> [WHAT THE TASK ASKS]:
After locating the line with "Roma 2-2 Juventus: Ronaldo" below, output it and each following line exactly, stopping after the line with "A început nebunia". No pictures.

> [MATERIAL FOR THE TASK]:
********************
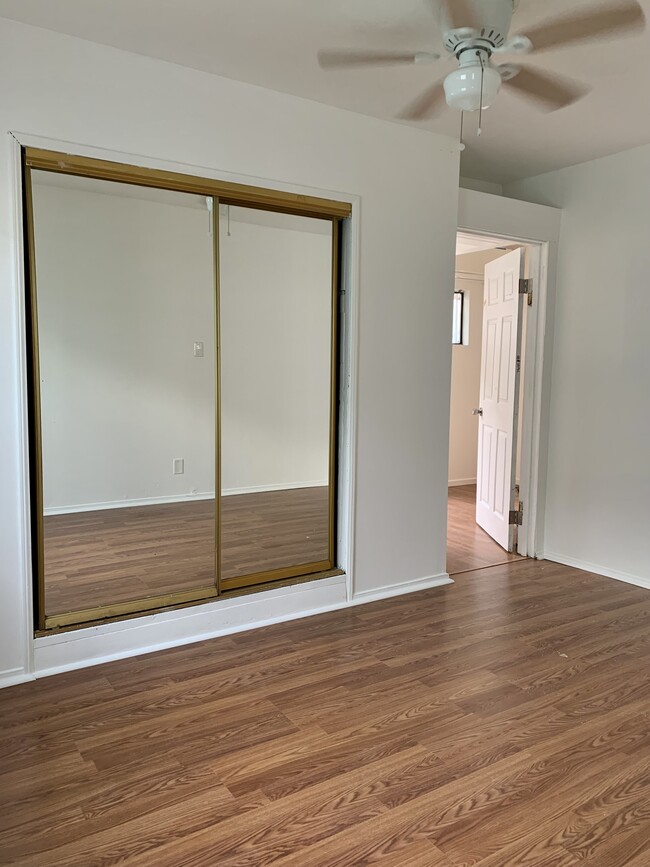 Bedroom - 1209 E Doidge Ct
********************
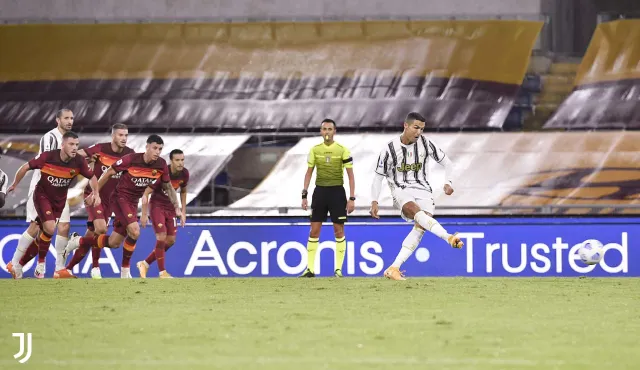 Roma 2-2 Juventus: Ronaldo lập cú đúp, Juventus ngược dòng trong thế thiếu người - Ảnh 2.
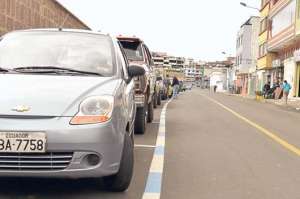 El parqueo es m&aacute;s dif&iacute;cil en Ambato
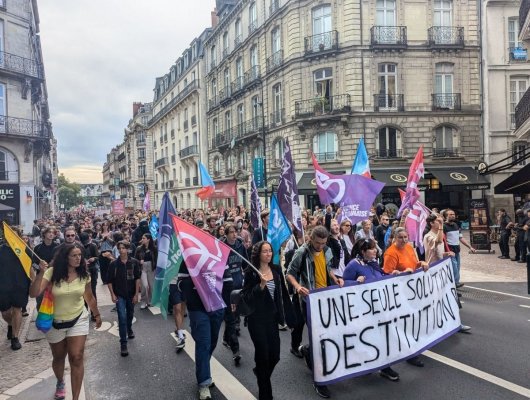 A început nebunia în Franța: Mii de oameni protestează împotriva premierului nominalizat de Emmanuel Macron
********************
> [YOUR RESPONSE]:
 Roma 2-2 Juventus: Ronaldo lập cú đúp, Juventus ngược dòng trong thế thiếu người - Ảnh 2.
 El parqueo es m&aacute;s dif&iacute;cil en Ambato
 A început nebunia în Franța: Mii de oameni protestează împotriva premierului nominalizat de Emmanuel Macron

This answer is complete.